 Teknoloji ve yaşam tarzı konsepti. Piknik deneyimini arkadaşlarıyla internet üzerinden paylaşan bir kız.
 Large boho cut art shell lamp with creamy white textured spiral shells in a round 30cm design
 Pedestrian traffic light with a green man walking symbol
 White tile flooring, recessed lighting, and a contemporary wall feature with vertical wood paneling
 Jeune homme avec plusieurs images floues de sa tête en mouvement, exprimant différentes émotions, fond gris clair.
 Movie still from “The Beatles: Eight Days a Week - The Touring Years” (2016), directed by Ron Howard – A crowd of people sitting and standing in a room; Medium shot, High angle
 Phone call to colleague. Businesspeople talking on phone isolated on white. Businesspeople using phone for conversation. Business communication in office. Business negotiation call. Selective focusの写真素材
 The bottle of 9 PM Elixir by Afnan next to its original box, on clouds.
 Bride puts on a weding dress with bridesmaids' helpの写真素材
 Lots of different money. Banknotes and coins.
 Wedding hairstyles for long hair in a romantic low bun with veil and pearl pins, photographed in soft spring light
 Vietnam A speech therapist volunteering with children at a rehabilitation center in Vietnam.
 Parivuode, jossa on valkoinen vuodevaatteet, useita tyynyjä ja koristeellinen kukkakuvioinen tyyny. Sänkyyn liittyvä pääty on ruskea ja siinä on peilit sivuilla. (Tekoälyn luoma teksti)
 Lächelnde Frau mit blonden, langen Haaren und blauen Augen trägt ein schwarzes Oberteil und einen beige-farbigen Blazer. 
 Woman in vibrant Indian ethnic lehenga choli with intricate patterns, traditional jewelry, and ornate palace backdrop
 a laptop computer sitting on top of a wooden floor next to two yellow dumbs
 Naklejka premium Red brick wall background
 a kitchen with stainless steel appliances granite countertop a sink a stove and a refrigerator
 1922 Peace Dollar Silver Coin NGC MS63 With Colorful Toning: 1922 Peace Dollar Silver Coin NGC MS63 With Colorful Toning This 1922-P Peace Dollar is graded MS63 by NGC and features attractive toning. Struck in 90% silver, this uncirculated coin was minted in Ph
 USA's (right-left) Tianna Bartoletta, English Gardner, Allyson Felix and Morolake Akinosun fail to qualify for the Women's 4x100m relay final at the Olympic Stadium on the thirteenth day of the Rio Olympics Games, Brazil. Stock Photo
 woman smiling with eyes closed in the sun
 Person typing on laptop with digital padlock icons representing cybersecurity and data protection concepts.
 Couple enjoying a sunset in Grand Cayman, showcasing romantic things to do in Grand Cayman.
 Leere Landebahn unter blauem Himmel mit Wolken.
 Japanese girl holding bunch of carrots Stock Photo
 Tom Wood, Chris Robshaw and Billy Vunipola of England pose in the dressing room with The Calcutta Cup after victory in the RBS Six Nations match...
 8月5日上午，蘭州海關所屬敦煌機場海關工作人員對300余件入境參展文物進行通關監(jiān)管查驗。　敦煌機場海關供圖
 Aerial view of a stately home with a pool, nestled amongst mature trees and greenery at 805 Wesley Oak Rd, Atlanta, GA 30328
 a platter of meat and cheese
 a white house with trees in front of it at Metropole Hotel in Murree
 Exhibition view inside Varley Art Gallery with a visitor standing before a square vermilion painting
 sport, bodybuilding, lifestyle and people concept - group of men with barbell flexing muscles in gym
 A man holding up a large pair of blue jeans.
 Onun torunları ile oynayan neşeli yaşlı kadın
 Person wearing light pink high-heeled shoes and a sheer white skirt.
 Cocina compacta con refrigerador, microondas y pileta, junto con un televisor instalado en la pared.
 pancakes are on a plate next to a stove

━━━━━━━━━━━━━━━━━━━━━━━━━━━━━━

In the records above, the lines containing the string "standing" should be counted; give only the total.

▶ Response to this exercise: 2